We evolved to both love and fear—and, so, love and fear will be a part of every relationship. And, the evolutionary forces for love and fear still hold: to commit to others and to recognize when others might harm us. This has led to our amazing, complex brains—parts of which that work faster than our conscious awareness—to seek connections with desirable others and protect us from those who might hurt us.
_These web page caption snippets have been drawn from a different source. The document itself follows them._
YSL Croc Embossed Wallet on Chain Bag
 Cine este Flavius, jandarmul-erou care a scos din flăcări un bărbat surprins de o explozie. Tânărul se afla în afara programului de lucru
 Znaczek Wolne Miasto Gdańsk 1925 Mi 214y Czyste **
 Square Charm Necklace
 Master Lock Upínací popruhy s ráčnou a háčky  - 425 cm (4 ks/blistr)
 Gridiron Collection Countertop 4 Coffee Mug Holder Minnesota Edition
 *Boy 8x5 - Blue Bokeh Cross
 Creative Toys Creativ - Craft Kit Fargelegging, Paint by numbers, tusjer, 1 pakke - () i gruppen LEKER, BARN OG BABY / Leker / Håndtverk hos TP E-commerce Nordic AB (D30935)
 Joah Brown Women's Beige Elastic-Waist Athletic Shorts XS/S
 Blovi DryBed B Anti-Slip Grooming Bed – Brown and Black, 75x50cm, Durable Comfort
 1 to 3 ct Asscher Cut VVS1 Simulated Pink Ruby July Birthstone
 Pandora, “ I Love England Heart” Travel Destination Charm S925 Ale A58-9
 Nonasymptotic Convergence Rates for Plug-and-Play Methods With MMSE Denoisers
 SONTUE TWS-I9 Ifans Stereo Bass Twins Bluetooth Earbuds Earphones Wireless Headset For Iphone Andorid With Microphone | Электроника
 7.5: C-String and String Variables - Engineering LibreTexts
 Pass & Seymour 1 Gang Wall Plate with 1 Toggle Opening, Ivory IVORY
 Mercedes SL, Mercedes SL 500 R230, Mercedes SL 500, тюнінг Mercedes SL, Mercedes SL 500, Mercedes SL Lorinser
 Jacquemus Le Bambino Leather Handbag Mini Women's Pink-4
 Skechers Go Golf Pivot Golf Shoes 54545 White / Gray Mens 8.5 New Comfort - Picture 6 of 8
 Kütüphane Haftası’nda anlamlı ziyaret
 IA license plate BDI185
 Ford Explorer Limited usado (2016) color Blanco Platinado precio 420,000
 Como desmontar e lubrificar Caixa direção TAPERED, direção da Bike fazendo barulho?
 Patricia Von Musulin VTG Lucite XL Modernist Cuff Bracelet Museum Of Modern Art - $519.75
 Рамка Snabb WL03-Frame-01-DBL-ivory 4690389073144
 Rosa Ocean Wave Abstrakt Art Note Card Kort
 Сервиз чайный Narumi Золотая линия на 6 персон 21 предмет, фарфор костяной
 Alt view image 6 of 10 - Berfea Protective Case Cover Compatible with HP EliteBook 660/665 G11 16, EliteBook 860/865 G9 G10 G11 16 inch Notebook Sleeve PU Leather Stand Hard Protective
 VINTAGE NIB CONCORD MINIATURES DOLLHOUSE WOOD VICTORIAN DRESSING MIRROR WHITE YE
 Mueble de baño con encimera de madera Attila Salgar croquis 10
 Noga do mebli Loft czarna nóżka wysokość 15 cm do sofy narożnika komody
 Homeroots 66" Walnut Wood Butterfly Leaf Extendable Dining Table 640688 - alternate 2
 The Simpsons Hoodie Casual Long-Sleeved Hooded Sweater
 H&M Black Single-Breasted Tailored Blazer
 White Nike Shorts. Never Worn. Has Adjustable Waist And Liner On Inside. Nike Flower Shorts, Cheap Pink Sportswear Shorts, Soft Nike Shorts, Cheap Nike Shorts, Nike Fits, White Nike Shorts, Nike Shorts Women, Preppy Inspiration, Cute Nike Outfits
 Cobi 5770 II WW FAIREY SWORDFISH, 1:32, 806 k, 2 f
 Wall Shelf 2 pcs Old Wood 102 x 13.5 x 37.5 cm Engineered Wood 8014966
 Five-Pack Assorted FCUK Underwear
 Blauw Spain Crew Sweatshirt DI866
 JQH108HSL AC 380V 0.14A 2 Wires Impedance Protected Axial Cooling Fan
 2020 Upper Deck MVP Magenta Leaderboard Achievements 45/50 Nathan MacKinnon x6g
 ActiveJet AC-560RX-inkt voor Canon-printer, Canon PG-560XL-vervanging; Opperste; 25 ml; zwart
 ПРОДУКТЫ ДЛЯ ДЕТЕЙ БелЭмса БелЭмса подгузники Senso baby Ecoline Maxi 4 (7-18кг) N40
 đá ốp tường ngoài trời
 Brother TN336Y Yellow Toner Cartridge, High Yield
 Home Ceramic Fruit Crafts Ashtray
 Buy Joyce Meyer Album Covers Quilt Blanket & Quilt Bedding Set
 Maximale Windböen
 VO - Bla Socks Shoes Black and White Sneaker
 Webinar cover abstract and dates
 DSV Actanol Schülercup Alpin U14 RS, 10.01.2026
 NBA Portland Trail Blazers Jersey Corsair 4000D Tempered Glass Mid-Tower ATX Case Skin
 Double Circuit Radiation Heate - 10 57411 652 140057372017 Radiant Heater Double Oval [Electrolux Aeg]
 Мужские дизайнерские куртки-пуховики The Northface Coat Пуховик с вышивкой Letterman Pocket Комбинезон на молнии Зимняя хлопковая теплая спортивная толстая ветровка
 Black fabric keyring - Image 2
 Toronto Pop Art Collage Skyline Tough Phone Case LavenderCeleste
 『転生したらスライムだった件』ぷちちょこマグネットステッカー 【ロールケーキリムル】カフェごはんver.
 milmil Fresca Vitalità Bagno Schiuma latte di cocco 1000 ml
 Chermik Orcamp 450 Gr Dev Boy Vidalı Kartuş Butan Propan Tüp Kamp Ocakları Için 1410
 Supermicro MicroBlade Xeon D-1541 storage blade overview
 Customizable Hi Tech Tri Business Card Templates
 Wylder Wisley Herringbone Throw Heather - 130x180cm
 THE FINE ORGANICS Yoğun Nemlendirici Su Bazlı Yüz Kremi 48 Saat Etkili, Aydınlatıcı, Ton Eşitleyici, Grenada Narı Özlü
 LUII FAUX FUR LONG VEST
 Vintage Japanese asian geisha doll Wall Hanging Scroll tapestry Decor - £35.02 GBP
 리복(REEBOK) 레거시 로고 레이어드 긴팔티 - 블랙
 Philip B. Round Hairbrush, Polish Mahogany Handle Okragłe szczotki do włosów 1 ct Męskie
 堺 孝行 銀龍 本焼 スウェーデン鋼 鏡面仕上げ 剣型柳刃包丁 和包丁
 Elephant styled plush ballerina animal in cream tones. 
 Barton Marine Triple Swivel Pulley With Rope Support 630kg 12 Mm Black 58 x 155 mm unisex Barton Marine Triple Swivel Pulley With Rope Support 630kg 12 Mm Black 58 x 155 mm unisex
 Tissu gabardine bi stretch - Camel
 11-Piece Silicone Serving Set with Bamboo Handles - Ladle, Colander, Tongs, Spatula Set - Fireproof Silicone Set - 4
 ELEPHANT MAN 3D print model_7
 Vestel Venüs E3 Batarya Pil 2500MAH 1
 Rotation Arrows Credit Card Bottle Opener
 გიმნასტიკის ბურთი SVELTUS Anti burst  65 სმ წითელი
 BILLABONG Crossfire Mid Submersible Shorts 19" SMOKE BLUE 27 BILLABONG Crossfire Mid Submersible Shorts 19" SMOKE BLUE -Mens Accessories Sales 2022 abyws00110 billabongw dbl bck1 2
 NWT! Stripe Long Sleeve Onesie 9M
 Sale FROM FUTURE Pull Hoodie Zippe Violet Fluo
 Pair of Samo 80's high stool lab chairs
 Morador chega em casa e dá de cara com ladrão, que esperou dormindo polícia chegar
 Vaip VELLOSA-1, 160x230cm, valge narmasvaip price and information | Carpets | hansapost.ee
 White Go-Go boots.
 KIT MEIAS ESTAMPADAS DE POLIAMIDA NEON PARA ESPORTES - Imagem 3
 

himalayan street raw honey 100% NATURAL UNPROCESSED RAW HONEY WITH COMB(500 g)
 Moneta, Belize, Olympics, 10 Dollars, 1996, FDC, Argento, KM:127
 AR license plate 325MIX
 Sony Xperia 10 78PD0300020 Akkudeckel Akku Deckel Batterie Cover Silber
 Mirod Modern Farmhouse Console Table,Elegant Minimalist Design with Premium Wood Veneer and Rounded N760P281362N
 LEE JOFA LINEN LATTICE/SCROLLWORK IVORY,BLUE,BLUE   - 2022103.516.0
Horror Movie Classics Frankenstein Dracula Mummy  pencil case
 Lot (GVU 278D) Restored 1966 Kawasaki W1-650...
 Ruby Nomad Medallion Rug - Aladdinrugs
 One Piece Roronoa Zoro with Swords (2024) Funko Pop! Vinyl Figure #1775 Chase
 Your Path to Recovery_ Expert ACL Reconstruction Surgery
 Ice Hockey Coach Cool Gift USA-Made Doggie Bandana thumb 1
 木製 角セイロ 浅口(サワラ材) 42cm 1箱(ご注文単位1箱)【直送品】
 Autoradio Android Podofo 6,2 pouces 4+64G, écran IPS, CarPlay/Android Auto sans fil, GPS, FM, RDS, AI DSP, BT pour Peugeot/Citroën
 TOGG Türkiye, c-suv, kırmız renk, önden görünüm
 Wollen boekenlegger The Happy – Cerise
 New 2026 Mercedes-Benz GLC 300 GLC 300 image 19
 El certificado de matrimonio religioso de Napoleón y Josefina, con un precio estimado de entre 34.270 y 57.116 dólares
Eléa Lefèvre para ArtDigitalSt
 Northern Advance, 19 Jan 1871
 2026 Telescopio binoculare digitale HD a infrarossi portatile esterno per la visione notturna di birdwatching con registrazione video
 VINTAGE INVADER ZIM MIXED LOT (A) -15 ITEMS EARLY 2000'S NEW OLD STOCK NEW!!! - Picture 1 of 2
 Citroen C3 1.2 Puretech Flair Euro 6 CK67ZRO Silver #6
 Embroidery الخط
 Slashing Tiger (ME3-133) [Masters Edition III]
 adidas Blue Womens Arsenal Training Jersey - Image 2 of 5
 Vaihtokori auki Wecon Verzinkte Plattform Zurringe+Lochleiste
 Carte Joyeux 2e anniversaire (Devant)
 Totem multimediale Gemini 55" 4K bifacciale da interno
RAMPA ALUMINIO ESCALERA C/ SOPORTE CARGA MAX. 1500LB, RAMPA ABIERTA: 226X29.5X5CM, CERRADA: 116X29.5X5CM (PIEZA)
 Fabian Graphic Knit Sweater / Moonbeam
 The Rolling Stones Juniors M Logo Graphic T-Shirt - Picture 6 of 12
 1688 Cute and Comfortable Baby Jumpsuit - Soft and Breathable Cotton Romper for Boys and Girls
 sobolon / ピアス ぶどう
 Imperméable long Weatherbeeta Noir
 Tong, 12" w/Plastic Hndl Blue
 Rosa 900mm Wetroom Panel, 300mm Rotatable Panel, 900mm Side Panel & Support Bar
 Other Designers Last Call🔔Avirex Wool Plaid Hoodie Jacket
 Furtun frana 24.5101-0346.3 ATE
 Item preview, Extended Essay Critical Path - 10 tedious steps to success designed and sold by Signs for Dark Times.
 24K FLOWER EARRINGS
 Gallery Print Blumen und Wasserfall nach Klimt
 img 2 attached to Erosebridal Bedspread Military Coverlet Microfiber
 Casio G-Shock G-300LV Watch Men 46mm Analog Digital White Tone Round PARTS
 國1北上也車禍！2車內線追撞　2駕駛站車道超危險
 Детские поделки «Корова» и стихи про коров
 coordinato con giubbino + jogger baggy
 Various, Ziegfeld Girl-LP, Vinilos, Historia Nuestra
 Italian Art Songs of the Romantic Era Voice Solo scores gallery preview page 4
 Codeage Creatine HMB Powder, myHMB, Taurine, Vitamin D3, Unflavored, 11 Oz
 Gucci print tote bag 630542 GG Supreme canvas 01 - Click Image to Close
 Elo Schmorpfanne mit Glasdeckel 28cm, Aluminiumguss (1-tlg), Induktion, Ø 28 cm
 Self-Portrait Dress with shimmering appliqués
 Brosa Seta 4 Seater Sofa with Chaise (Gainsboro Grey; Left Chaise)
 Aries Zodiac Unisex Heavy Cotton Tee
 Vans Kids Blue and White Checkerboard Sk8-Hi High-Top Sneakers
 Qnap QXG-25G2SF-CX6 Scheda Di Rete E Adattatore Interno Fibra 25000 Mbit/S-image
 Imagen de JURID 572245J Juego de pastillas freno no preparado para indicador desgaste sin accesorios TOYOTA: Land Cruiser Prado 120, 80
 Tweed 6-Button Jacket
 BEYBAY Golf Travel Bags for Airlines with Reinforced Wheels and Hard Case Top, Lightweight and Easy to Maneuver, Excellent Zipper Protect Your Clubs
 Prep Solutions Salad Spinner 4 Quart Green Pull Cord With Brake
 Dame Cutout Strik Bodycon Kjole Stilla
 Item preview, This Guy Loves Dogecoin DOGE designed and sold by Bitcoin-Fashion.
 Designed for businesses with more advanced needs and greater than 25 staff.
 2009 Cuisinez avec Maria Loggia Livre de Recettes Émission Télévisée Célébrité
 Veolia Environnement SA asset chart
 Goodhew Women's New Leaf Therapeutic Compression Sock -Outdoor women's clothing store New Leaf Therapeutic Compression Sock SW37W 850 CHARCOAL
Critical scholar and feminist bell hooks wrote, “Understanding all the ways fear stands in the way of our knowing love challenges us. Fearful that believing in love’s truths and letting them guide our lives will lead to further betrayal, we hold back from love when our hearts are full of longing. Being loving does not mean we will not be betrayed. Love helps us face betrayal without losing heart. And it renews our spirit so that we can love again.” We might have wished for a happier ending—one where embracing and expressing love would lead to a pain-free existence of material, psychological, and spiritual abundance. Sorry!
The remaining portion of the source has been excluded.